PEORIA, Ill. — You could make a game out of the question: “Who’s the most famous Peorian?”
There’s entertainers, authors, generals, inventors, scholars, tycoons, the famous and infamous. But there’s only one former Peorian who’s the subject of a whole museum: Archbishop Fulton John Sheen.
That museum is just down the street from St. Mary’s Cathedral, where Fulton Sheen was an altar boy, was ordained and celebrated his first Mass. It has the largest collection of Sheen’s personal items, from boyhood in Peoria to worldwide fame as an adult.
“People come from all over. From other countries, from Poland,” said Peoria Diocese Archivist Sister Lea Stefancova.
Sheen was born in El Paso, above his father’s hardware store in 1895. His family later moved to Peoria, where Sheen was educated. He excelled in school, winning his second Ph.D. by the age of 29.
In 1926, he was returned to do parish work at St. Patrick’s Church on Peoria’s south side. It was a test of his obedience, and he passed.

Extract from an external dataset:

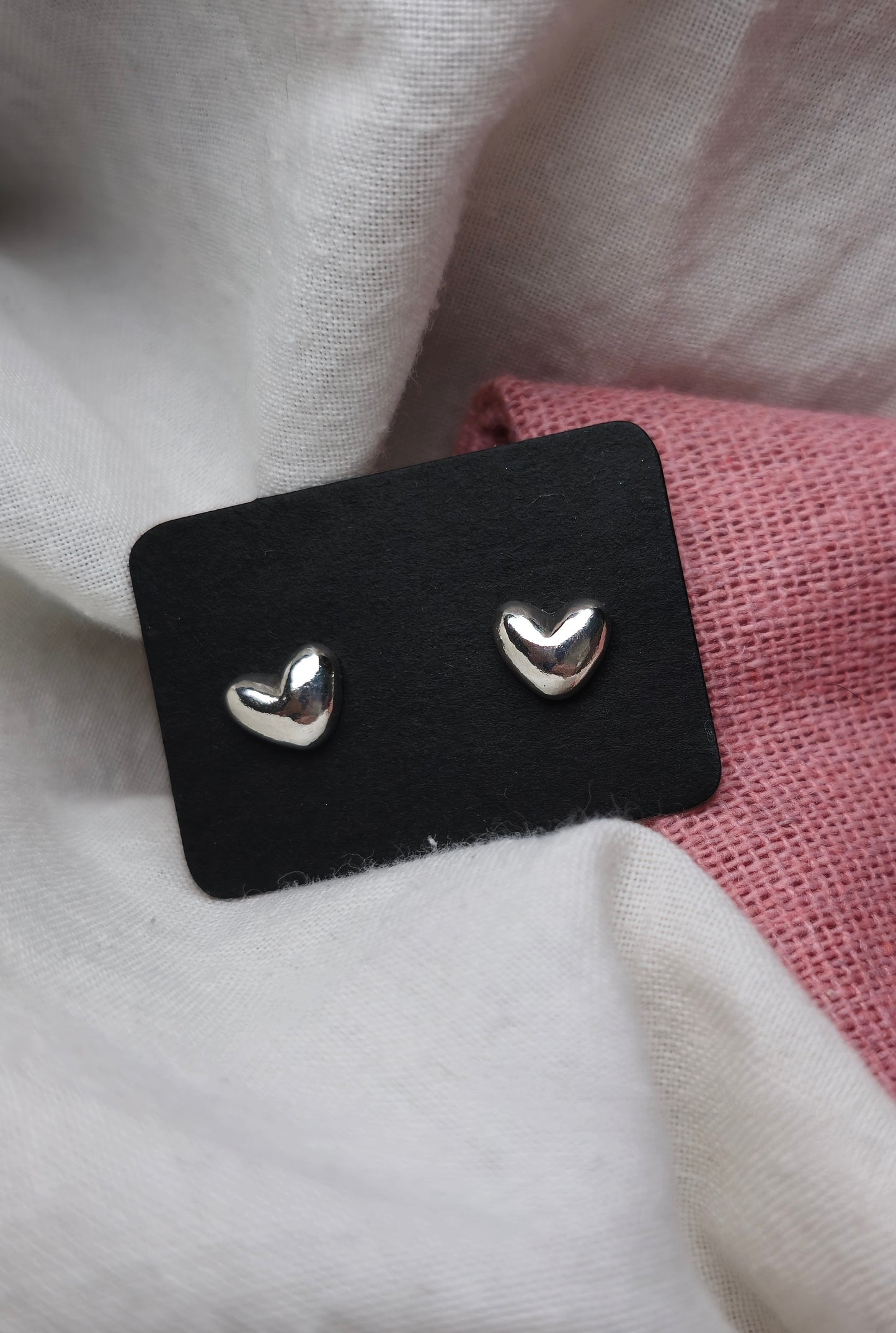 Puffy Heart Studs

It was Sheen’s speaking ability, talking to everyday people that won him fame. In the 1930s millions listened to the weekly radio show, “The Catholic Hour.” In 1951, he began his television career with “Life is Worth Living.” He won an Emmy award the first year.
By 1957, he was drawing 30 million viewers a week. Sheen was an avowed anti-communist, but also was a progressive on many social matters, such as when he called on U.S. corporations to share the wealth.
Sheen would work 19 hours a day and by 1979, he had written 66 books. Recordings of his TV programs are still being broadcast. So, who’s the most famous Peorian? It’s difficult to top Sheen.